He was on a liberation kick and he was sincere about it and therefore dangerous: the political terrorist is the man who could create new and better worlds if he could express his dreams with intelligence; having none, he can only express his frustration.

I leaned forward again, wanting to know things.

'But you said that the bomb is the key factor. Do you mean — '

'The bomb is always the key factor. In the ultimate show of strength, that is the form of strength that is shown. Surely you know that.'

He looked up as someone came off the flight deck: I heard the sliding door hitting the stops. I turned my head and saw Ventura. They'd been taking it in shifts to mount guard on the flight deck and Ventura had been there for the last twenty minutes. He was a narrow-chested man with a bald head and slow wet eyes: he looked like a disinterested assistant in men's haberdashery but he had killed Hunter in Geneva and he would kill me when the showdown came unless I could preempt him.

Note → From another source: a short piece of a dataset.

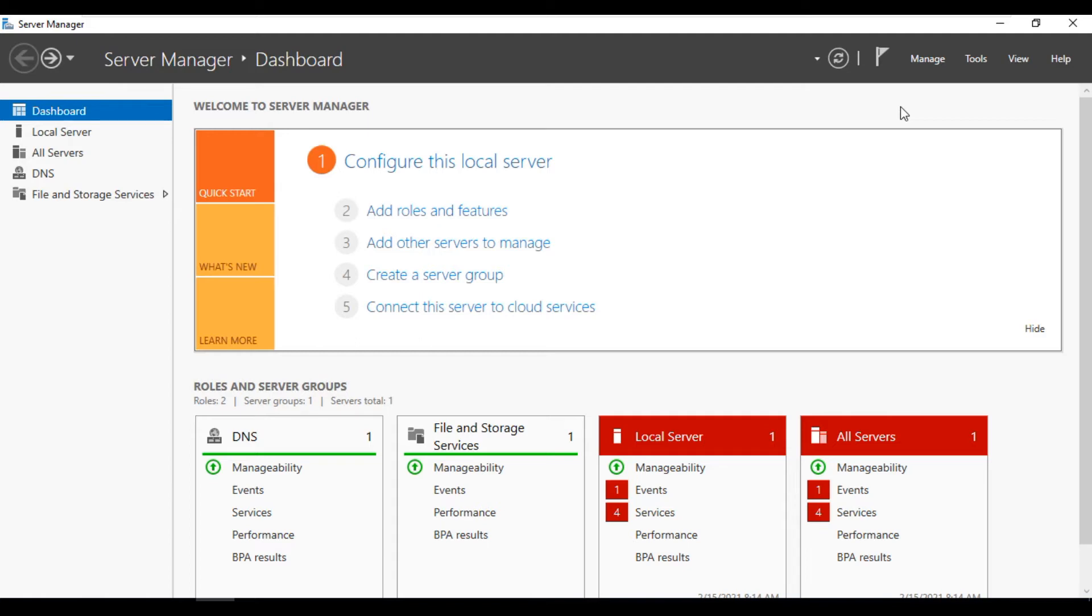In this video we are going to see how to install domain controller on Windows 2016 version. Here you can see Server Manager.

'I need you up front,' he said.

Zade moved quickly and I felt the power in him as he swung past me. The sliding door banged shut behind them and I changed my seat so as to face forward. Sassine went nervously for his gun but I didn't take any notice because he was as high as a kite and his reactions were notably slow: I could 'have got his gun and shot Zade or Ventura or possibly both as they came back from the flight deck but Kuznetski and Ramirez were behind me now and so was Shadia.

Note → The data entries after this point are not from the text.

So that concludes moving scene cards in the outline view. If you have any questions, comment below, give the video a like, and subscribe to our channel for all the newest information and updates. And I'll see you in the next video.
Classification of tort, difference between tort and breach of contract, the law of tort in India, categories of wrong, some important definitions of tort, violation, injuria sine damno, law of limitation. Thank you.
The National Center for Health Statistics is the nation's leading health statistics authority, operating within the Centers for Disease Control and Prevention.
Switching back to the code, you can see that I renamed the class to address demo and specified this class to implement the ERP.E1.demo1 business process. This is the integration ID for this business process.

Sassine seemed ashamed of his show of nerves and crossed his legs and pinched out his reefer and put it in a tin box marked «Aspirin» in Czechoslovakian and began talking rapidly about the paradoxes of political history and the undercurrents of popular thought and their influence on the world revolutionary scene in terms of pseudo-neo-Fascism and its abortive attempts to achieve liberation for the elite. One of the port engines cut out and came back on power while he was talking but he didn't notice it.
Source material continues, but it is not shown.